- **Task objective**:
Here is the task for the listing below: output exactly the lines from the one containing "Read 1St Year" through the one containing "AVIODROME Lelystad D 028", and leave out the pictures.

- **Provided records**:
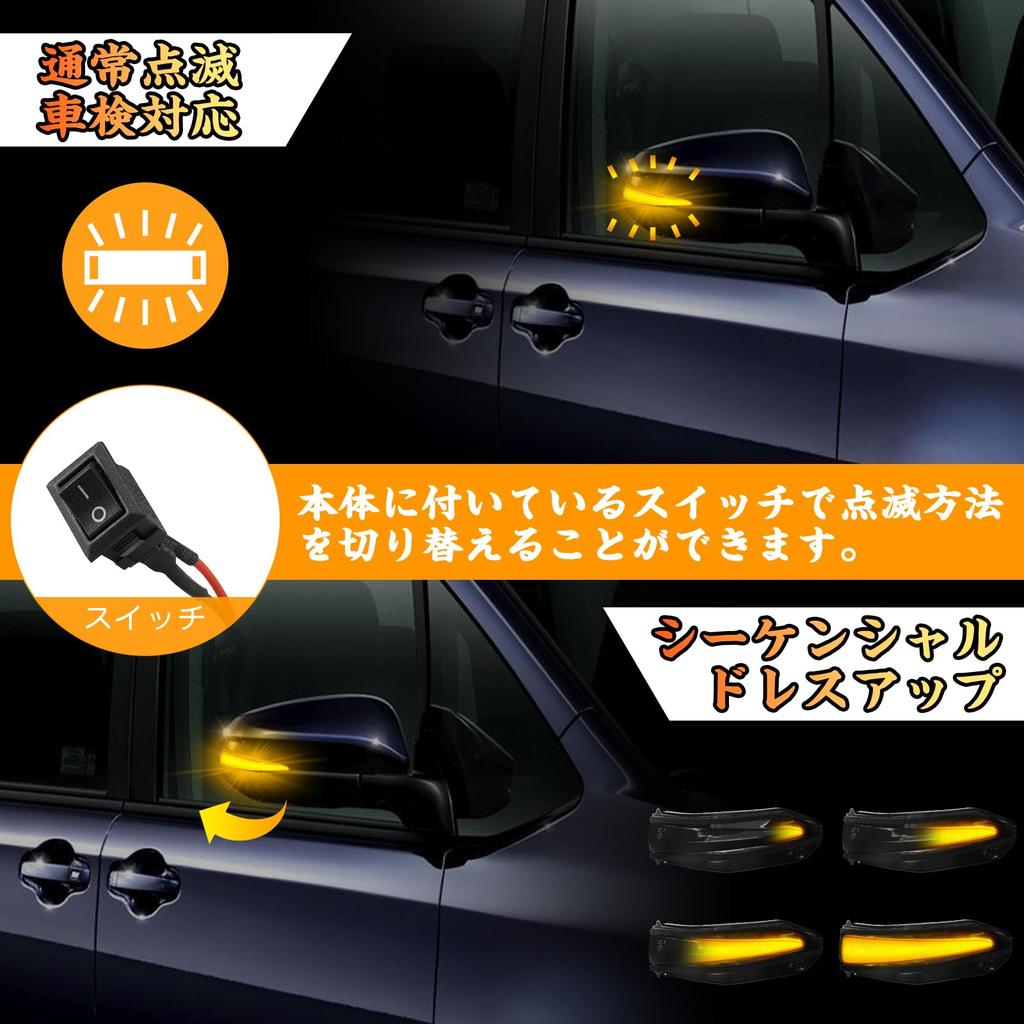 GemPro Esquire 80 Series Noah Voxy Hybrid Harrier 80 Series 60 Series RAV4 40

--

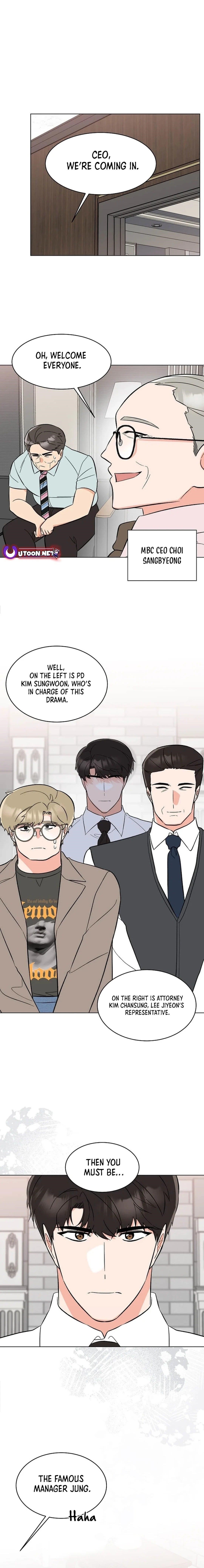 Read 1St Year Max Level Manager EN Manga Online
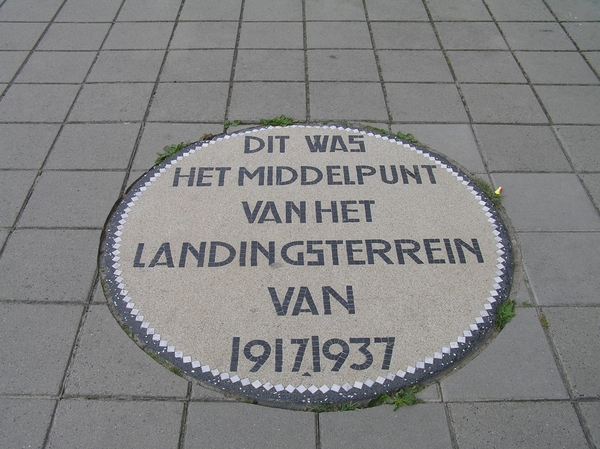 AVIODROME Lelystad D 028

- **Solution for this problem**:
 Read 1St Year Max Level Manager EN Manga Online
 AVIODROME Lelystad D 028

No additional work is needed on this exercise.